Natalia Cooper, the third performer, also expressed her admiration for her fellow poets. “I was just going to read one poem and then I figured that I would read two because I was so inspired by the two people who just went,” she said before reading a poem titled “Dragging Diamonds and Death” about the suffering of workers that goes into the making of consumer goods and how the superficial satisfaction of these goods clouds our recognition of the injustice perpetrated to produce them.

Next up was Gulet, who appeared to have several fans in the audience. “Tonight we have this event that allows us as artists and also as people who enjoy poetry to come and listen to other people,” he said. “I just want to say that having events like this is really important for us because it gives [a place where] we can come feel comfortable and also share our work.”

Gulet read from a work in progress that spoke of the social situation of Black Americans and was a call for unity among the oppressed community to stop using the tools of the oppressor against itself.

Other highlights of the event included Jay Cole’s animated performances of his kinetic stream of consciousness poems.

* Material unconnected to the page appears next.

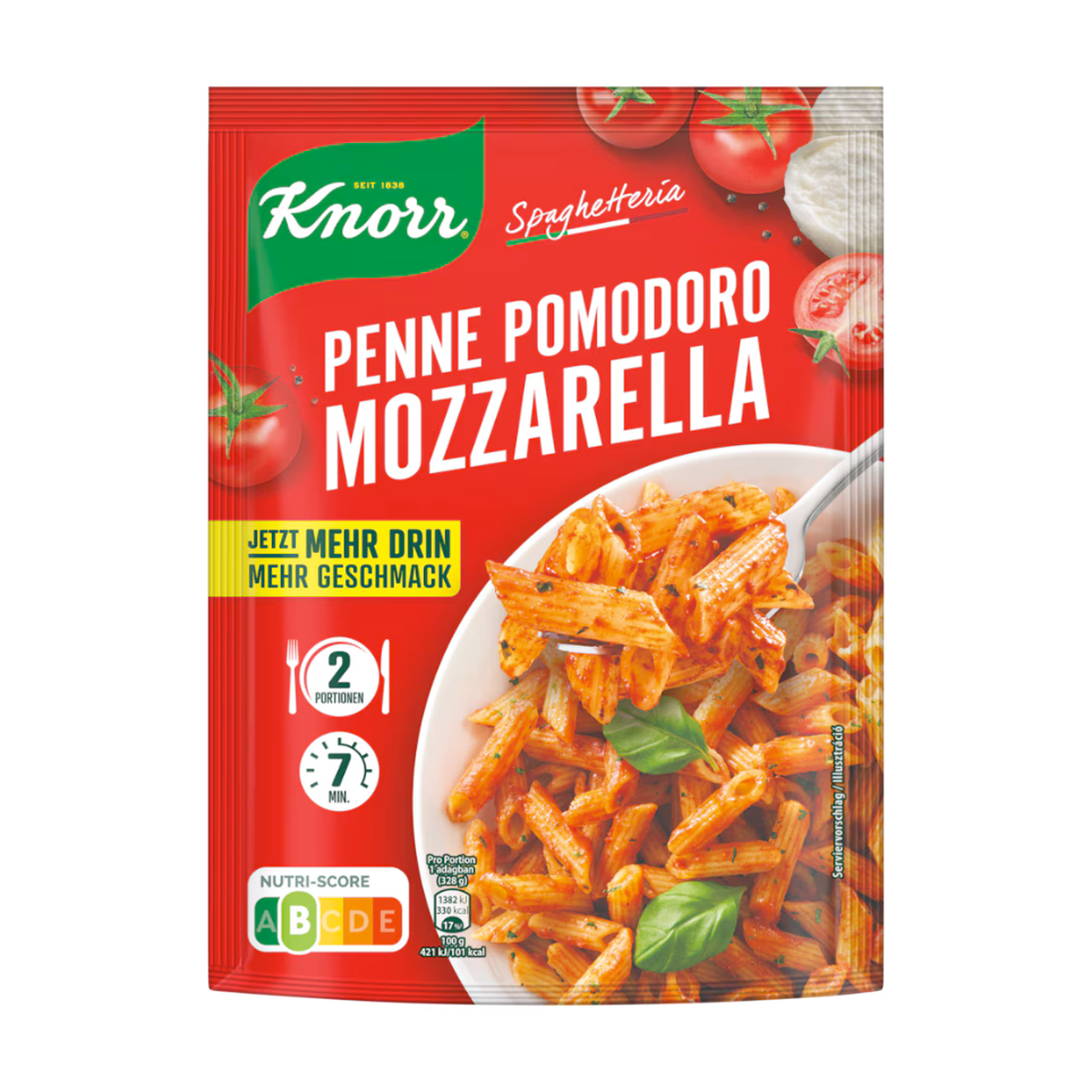 Knorr Spaghetteria Pomodoro Mozzarella Pasta in Tomaten-Käse-Sauce 181g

His second piece, “We Are Starving as Writers”, was both a humorous and a serious comment on the state of the working class poet and the conflict between the artistic need and the need to survive in the real world.

Jason Trefts, a musical performer, read the lyrics to his song “Manifesto”, which touched upon of the election process and the war in Afghanistan.

Krishaunna Baptiste performed her poem “Young Blood”, encouraging black youth to remember their past and to deal with issues in ways that avoid self-destructive violence.

Jean Dany Joachi performed “Curfew”, a poem about the political situation in Haiti, his home country, and “Immigrant”, a poem that felt particularly poignant considering the problems imposed upon immigrants in this country since September 11. His work was intense and controlled, with a formal elegance that underscored its emotional subject matter.

After the performances finished, Gulet and Cooper took the podium together to say a few words about the UMB Poetry Circle, of which they are both members. The Poetry Circle provides a workshop style setting for students to read and discuss each other’s poetry without the pressure of an academic classroom. The Circle also publishes a poetry journal called Hypergraphia. Two issues will be published this year, one this semester and one in the Spring. Cooper, who is Treasurer for the Circle, invited the audience to visit the group’s meetings (the next will be on Friday, November 15) and to submit to Hypergraphia.

Nancy Derby returned to the podium to invite all those interested in knowing more about the Watermark to speak to her and to thank the audience for attending.

When an open mic is run well, as this one was, there is a feeling of community and excited involvement that is hard to match. The Watermark’s open mic, like the very best open mics I have attended, fostered a sense of unity and equality, where everyone has a chance to share their unique voice and value is not based on one’s race or gender or even aesthetic inclination, but solely on the strength of one’s poems. And there were some mighty strong poems representin’ at this open mic.